11. If this Agreement shall be terminated pursuant to Section 9
hereof, neither the Company nor the Selling Stockholder shall then be under any
liability to any Underwriter except as provided in Sections 6 and 8 hereof; but,
if for any other reason any Shares are not delivered by or on behalf of the
Selling Stockholder as provided herein, the Company will reimburse the
Underwriters through you for all out-of-pocket expenses approved in writing by
you, including fees and disbursements of counsel, reasonably incurred by the
Underwriters in making preparations for the purchase, sale and delivery of the
Shares not so delivered, but the Company and the Selling Stockholder shall then
be under no further liability to any Underwriter in respect of the Shares not so
delivered except as provided in Sections 6 and 8 hereof.

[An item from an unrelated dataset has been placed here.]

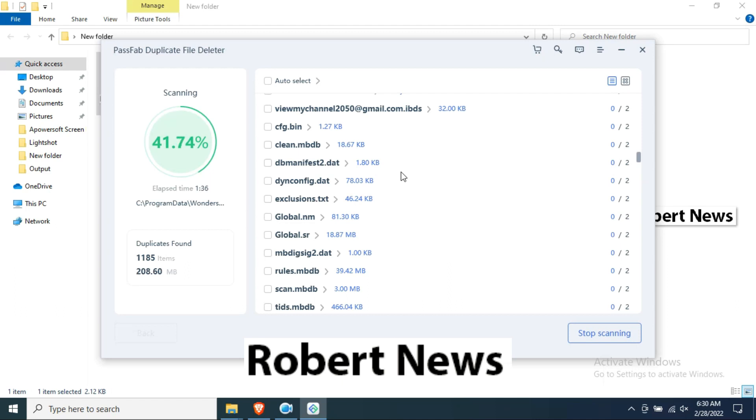It will scan all your C drive like program data or temporary files. It will scan which software you installed or any JPG files are there, it will detect.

12. In all dealings hereunder, you shall act on behalf of each of the
Underwriters, and the parties hereto shall be entitled to act and rely upon any
statement, request, notice or agreement on behalf of any Underwriter made or
given by you jointly or by Xxxxxxx, Xxxxx & Co. on behalf of you as the
representatives; and in all dealings with the Selling Stockholder hereunder, you
and the Company shall be entitled to act and rely only upon any statement,
request, notice or agreement
34
35
on behalf of the Selling Stockholder made or given by any or all of the
Attorneys-in-Fact for such Selling Stockholder.
All statements, requests, notices and agreements hereunder shall be in
writing, and if to the Underwriters shall be delivered or sent by mail, telex or
facsimile transmission to you as the representatives in care of Xxxxxxx, Sachs &
Co., 00 Xxx Xxxx, 00xx Xxxxx, Xxx Xxxx, Xxx Xxxx 00000, Attention: Registration
Department; if to the Selling Stockholder shall be delivered or sent by mail,
telex or facsimile transmission to the Selling Stockholder at its address set
forth in Schedule ll hereto; and if to the Company shall be delivered or sent by
mail, telex or facsimile transmission to the Company in care of Amdocs, Inc.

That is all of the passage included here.